公響サービス、代表のシンジです。第1,128回です。

 先日「分水嶺」にて、借金について触れたが、今回は個人の借金と企業や国の借金についてもっと詳しく話をしようと思う。

 家計における借金は、必ず返済しなければならないものであり、基本的に金利も高く、一度借りたが最後、ブラックリストに乗ってしまうため、サラ金(今では銀行がサラ金なのですが、その意識がない人が多い)には借りた実績と返済実績リストが筒抜けになる。その時点で甘い誘いが増えて、結局節約が出来なくなるのだ。
 多くの人が勘違いしているが、リボ払いも同様だ。これは利息を払っているだけで、いつまで経っても支払いが終わらない。銀行が儲かるシステムだ。
 クレジットカードも一括以外の使用方法をしたら、まずアウトと思った方が良い。すでに行っている人は、早めに清算して、クレジットカードは解約して、作成し直すことをお勧めする。個人としては、住宅ローン以外は一括で買えないものは買ってはならない。車もローンはNGだ。ローン会社がメチャクチャに儲かっているだけで、極めて割高な買い物をさせられていることを知りましょう。

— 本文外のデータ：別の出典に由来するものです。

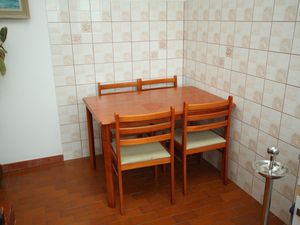 18689409-Ferienwohnung-5-Premantura-300x225-1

 では、国や企業はどうなのか?借金を返済するという意味では個人と変わらない。そして、「その借金はだれのもの?」という視点に立つと、国債を購入している金融機関や個人投資家のものという認識になる。個人的には、その視点がまず間違いの始まりだと思っている。
 「分水嶺」で書いたように、国や企業はお金を借り続けることが可能だ。つまり、次の借金で以前の借金を清算し、常に借金がある状態だけれど、借金が増えているのではなく、未来にスライドさせているだけ、ということだ。これが為、国も企業もデフォルト(倒産)することが頻繁にはないのだ。
 ではこれを個人に置き換えてみよう。サラ金Aから借りた100万円を返済するためにサラ金Bから100万円借りて返すことは、多重債務となり結局返済しきれなくなるのは、誰の目にも明らかだ。こんなことは続かないのだ。
 実態を知らない人は簡易裁判所の傍聴へ行ってみればすぐに分かります。簡易裁判の7割はサラ金に訴えられた善良なる市民です。初めて裁判所に出頭し、借金が返せないことでおろおろしている小市民を、銀行というサラ金が司法の力を使って脅している姿を目の当たりに出来ますよ。

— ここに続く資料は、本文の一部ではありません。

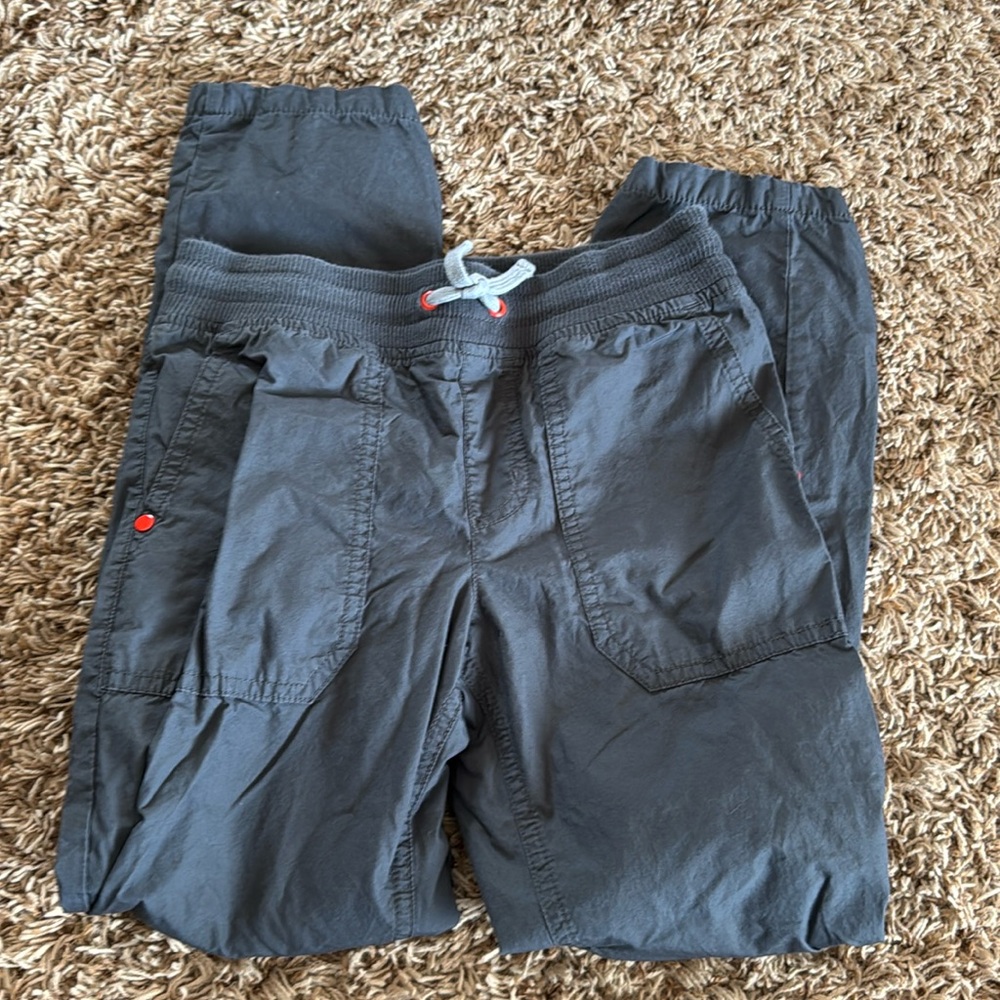 Gray Boys pants, size 8, insulated
Crazy 8 brand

 閑話休題。では、国はいくらでも借金を増やせるのか?というと、理論的には可能だ。しかし、信用創造の原理からして、借金が増えるということは、世の中を流れるお金が増えるということだ。つまり、マネタリーベースの拡大につながる。血管の太さは決まっているのに、血液の量が増え続ければ、いずれ決壊することは当然だろう。しかも、未来にスライドさせたとしても、未来では人口が減ることが予測されている。では、その借金を未来にスライドさせ続けても大丈夫なのか?
 当然、私はMMT(現代貨幣理論)の信者ではない。日本のようにほとんどの国の債務が、日本国内にある。つまりは国民の手のうちだと、国の借金がどれだけ増えても良い。的な乱暴な言い方はしない。
 借金を返済しなければならないのは、まったく同じだ。単なる未来への先送りでしかないことも認める。だが、国や企業には寿命がないのだ。個人とは違い、未来への先送りが可能なのである。そこが、個人との大きな違いである。
 しかし、お金の使い方は節度を保って良い借金をしなければならない。未来に借金を残すのではなく、同じ様に水道・電気・ガス・道路・橋・ネットケーブルなどのインフラを整備し、国民の資産として残すのだ。それなら、その借金は「生き金」になるではないか!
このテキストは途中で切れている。